## REQUIRED WORK
What you return must be every line from the beginning of the data through the line holding "Aquarium-Wasserpflanze Tropica Live", unchanged.

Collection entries

=======

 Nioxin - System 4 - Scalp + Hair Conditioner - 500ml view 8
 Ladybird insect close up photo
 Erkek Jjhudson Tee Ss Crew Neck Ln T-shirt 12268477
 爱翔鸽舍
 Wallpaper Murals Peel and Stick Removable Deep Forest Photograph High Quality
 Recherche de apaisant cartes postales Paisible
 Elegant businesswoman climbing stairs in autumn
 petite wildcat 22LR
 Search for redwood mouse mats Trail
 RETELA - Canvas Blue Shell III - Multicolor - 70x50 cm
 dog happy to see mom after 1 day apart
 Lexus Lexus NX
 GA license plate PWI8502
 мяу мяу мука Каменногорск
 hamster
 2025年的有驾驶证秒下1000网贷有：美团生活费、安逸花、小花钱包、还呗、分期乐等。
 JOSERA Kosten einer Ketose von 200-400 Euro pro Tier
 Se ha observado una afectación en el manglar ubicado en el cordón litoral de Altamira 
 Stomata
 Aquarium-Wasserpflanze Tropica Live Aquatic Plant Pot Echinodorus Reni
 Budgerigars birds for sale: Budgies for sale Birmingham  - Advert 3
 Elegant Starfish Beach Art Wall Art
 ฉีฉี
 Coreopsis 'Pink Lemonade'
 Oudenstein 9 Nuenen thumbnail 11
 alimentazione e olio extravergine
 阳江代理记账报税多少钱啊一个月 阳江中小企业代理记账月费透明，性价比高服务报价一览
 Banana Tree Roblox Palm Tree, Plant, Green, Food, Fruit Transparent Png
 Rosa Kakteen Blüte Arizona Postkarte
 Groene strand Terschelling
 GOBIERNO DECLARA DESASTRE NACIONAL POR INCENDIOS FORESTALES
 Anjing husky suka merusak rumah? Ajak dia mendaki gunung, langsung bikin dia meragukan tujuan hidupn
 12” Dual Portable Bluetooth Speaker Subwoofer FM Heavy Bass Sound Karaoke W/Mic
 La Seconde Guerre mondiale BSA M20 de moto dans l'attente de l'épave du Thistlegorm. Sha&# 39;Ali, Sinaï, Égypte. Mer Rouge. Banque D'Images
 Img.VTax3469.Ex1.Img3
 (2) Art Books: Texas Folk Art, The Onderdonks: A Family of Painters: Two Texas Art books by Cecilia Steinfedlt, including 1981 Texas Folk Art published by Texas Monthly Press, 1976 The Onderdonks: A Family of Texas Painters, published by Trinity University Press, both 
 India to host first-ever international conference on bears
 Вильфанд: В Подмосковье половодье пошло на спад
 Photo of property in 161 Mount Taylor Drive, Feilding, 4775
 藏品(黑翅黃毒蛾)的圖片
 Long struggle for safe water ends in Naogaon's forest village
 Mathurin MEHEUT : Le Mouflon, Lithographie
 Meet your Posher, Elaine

=======

## RESPONSE AREA
 Nioxin - System 4 - Scalp + Hair Conditioner - 500ml view 8
 Ladybird insect close up photo
 Erkek Jjhudson Tee Ss Crew Neck Ln T-shirt 12268477
 爱翔鸽舍
 Wallpaper Murals Peel and Stick Removable Deep Forest Photograph High Quality
 Recherche de apaisant cartes postales Paisible
 Elegant businesswoman climbing stairs in autumn
 petite wildcat 22LR
 Search for redwood mouse mats Trail
 RETELA - Canvas Blue Shell III - Multicolor - 70x50 cm
 dog happy to see mom after 1 day apart
 Lexus Lexus NX
 GA license plate PWI8502
 мяу мяу мука Каменногорск
 hamster
 2025年的有驾驶证秒下1000网贷有：美团生活费、安逸花、小花钱包、还呗、分期乐等。
 JOSERA Kosten einer Ketose von 200-400 Euro pro Tier
 Se ha observado una afectación en el manglar ubicado en el cordón litoral de Altamira 
 Stomata
 Aquarium-Wasserpflanze Tropica Live Aquatic Plant Pot Echinodorus Reni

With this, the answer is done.